Affaire Baby Loup - Extraits de l'arrêt de la Cour d'appel de Paris du 27 novembre 2013
"Une personne morale de droit privé, qui assure une mission d'intérêt général, peut dans certaines circonstances constituer une entreprise de conviction au sens de la jurisprudence de la Cour européenne des droits de l'homme et se doter de statuts et d'un règlement intérieur prévoyant une obligation de neutralité du personnel dans l'exercice de ses tâches.
Une telle obligation emporte notamment interdiction de porter tout signe ostentatoire de religion.(...)
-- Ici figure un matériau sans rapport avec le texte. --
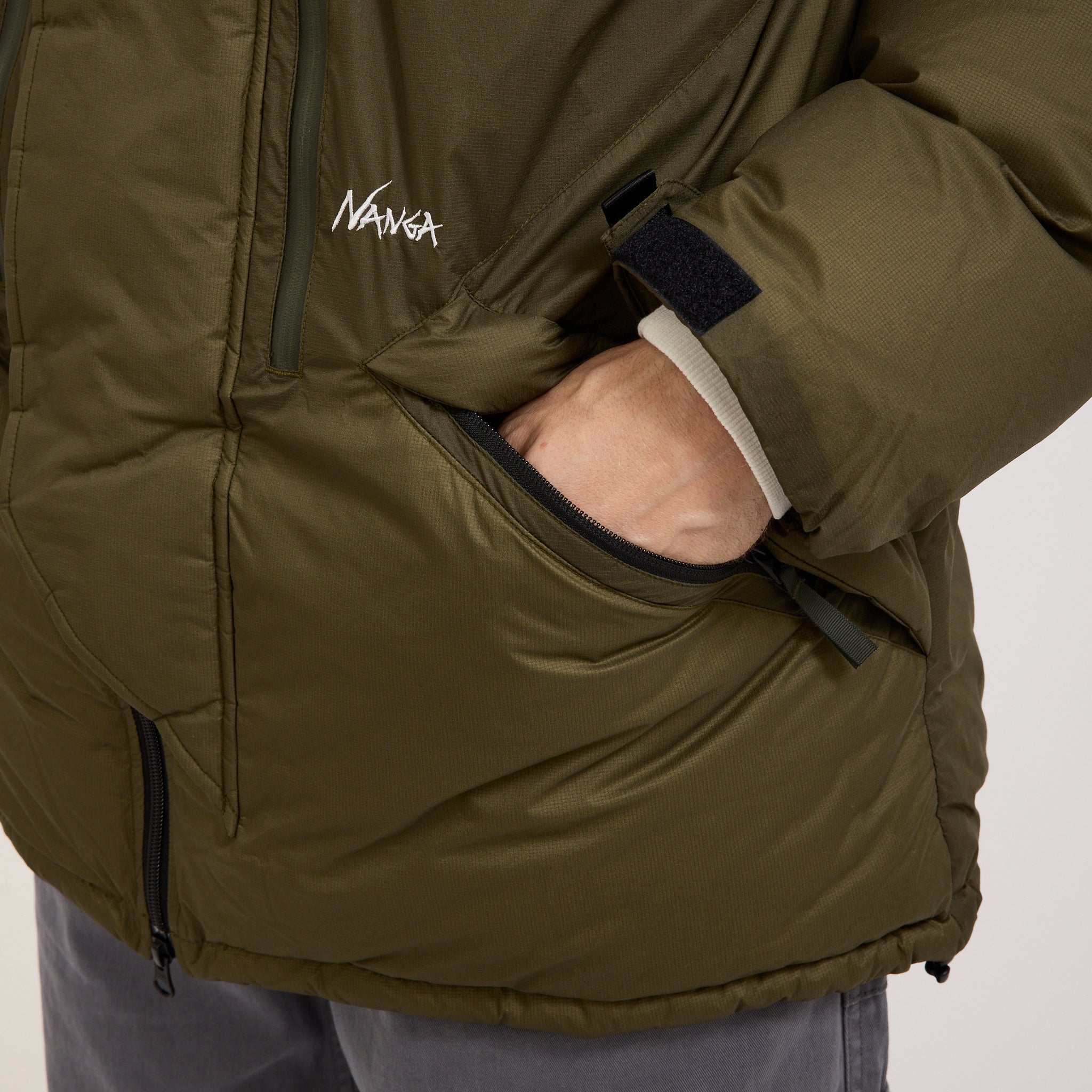 Nanga | Mountain Belay Coat Khaki | Maplestore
La formulation de cette obligation de neutralité dans le règlement intérieur est suffisamment précise pour qu'elle soit entendue comme étant limitée aux activités d'éveil et d'accompagnement des enfants à l'intérieur et à l'extérieur des locaux professionnels; elle n'a donc pas la portée d'une interdiction générale puisqu'elle exclut les activités sans contact avec les enfants, notamment celles destinées à l'insertion sociale et professionnelle des femmes du quartier qui se déroulent hors la présence des enfants confiés à la crèche .
Les restrictions ainsi prévues sont, pour les raisons ci-dessus exposées, justifiées par la nature de la tâche à accomplir et proportionnées au but recherché au sens des articles L. 1121-1 et L. 1321-3 du code du travail.
Au vu de l'ensemble des considérations développées, elles ne portent pas atteinte aux libertés fondamentales, dont la liberté religieuse, et ne présentent pas un caractère discriminatoire au sens de l'article L. 1132-1 du code du travail.
Elles répondent aussi dans le cas particulier à l'exigence professionnele essentielle et déterminante de respecter et protéger la conscience en éveil des enfants, même si cette exigence ne résulte pas de la loi. (...)
Le comportement de Mme X, alors que la mise à pied reposait, pour les raisons ci-dessus exposées, sur un ordre licite de l'employeur au regard de l'obligation spécifique de neutralité imposée à la salariée par le règlement intérieur de l'entreprise, caractérise une faute grave nécessitant le départ immédiat de celle-ci."